### The data
┄┄┄┄┄┄┄┄┄┄

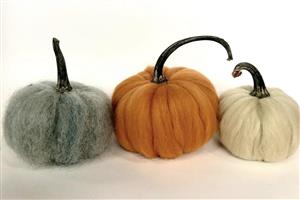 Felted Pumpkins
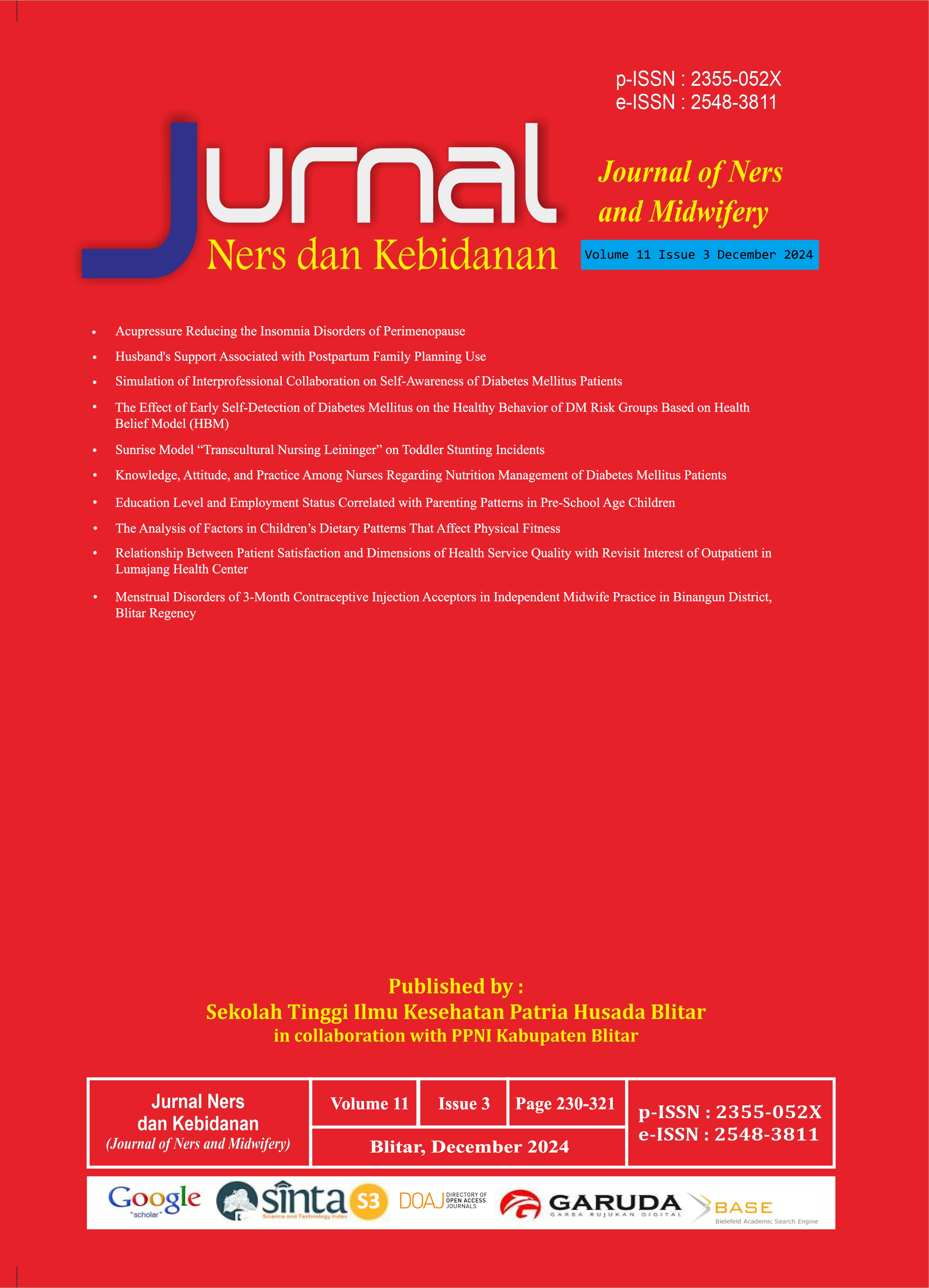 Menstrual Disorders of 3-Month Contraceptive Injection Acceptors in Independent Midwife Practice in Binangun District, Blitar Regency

┄┄┄┄┄┄┄┄┄┄

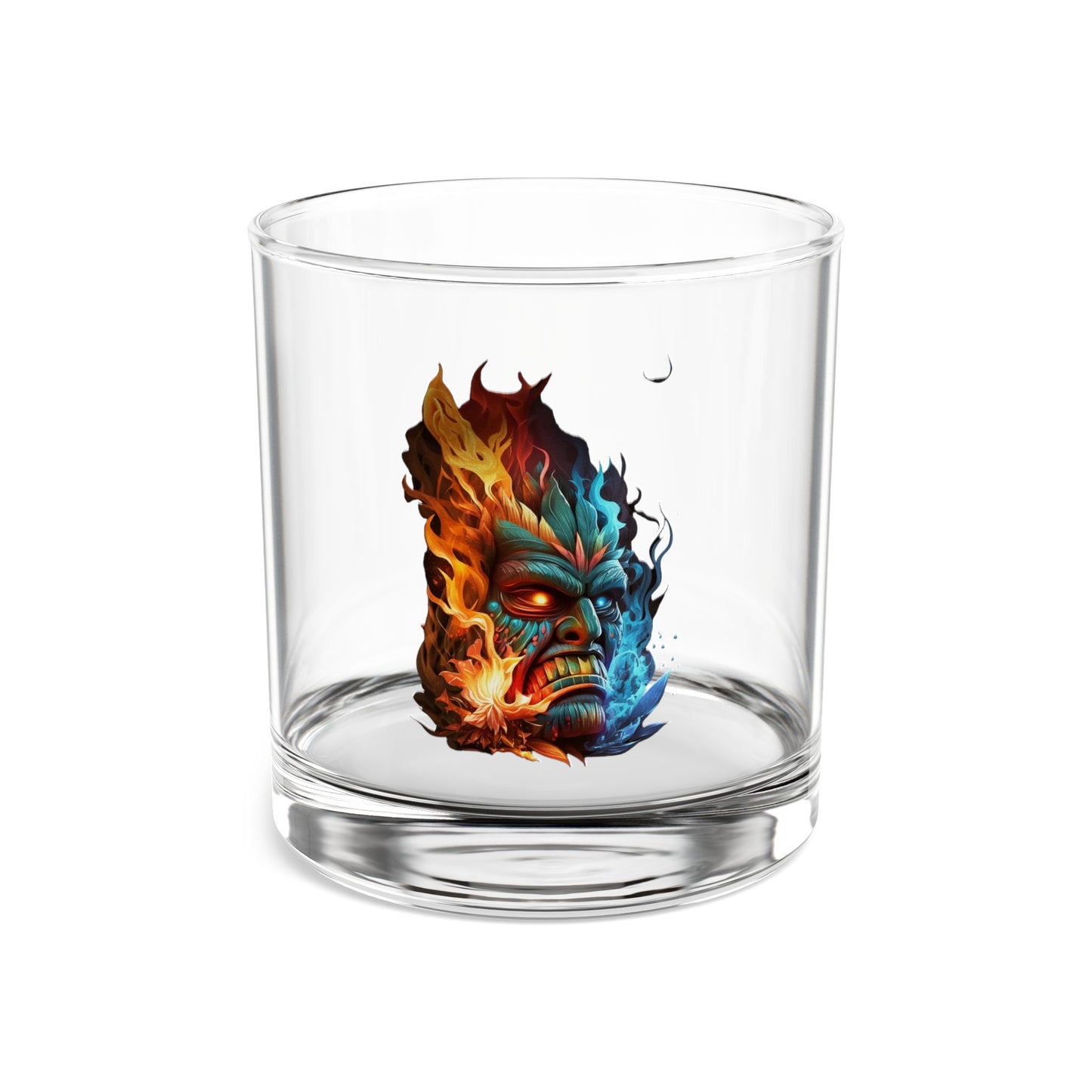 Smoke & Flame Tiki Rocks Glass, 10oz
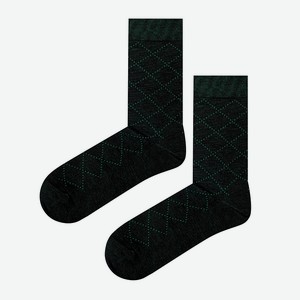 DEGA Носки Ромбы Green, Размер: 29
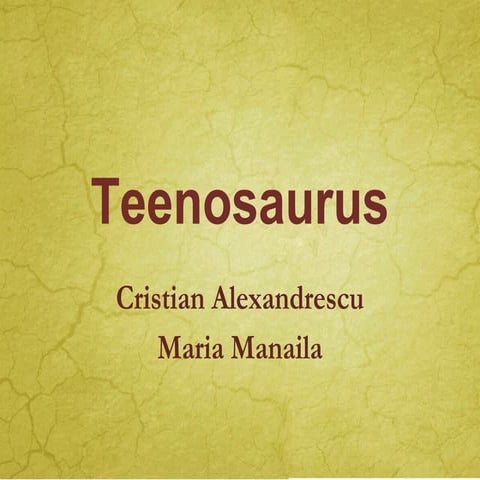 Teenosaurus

┄┄┄┄┄┄┄┄┄┄

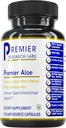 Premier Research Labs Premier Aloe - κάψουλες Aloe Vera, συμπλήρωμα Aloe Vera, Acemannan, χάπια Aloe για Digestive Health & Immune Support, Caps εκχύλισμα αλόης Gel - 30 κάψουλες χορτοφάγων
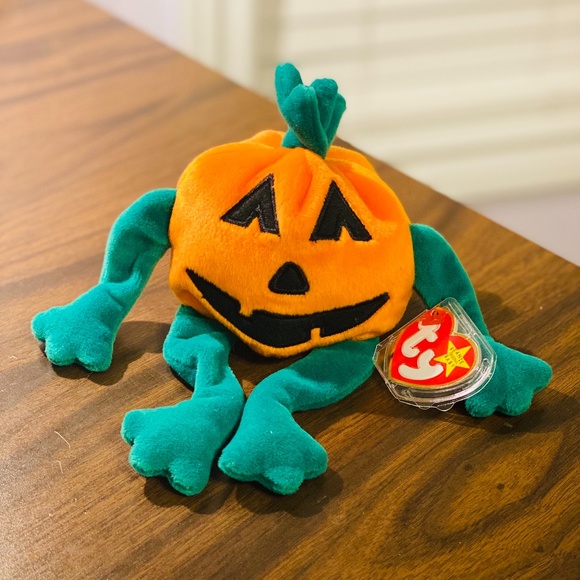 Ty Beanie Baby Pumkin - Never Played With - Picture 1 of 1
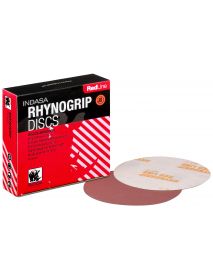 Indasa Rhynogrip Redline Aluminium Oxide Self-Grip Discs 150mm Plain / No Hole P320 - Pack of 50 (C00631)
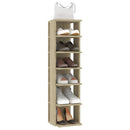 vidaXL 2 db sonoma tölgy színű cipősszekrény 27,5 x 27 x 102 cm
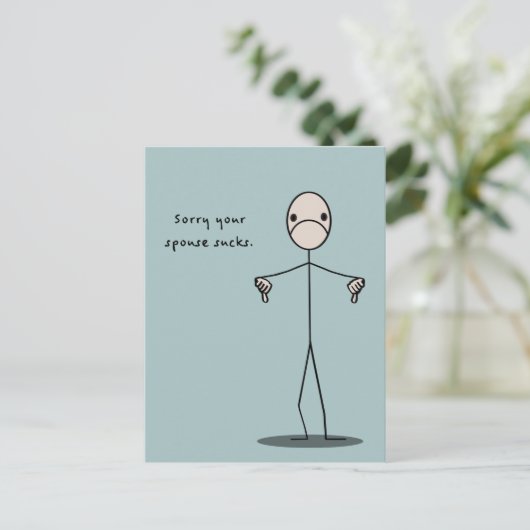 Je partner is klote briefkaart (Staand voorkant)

┄┄┄┄┄┄┄┄┄┄

### What needs to be done
Look above for the line containing "Felted Pumpkins", then write out every line from there down to the line containing "Menstrual Disorders of", that line included, with no pictures.

### Solution for this exercise
 Felted Pumpkins
 Menstrual Disorders of 3-Month Contraceptive Injection Acceptors in Independent Midwife Practice in Binangun District, Blitar Regency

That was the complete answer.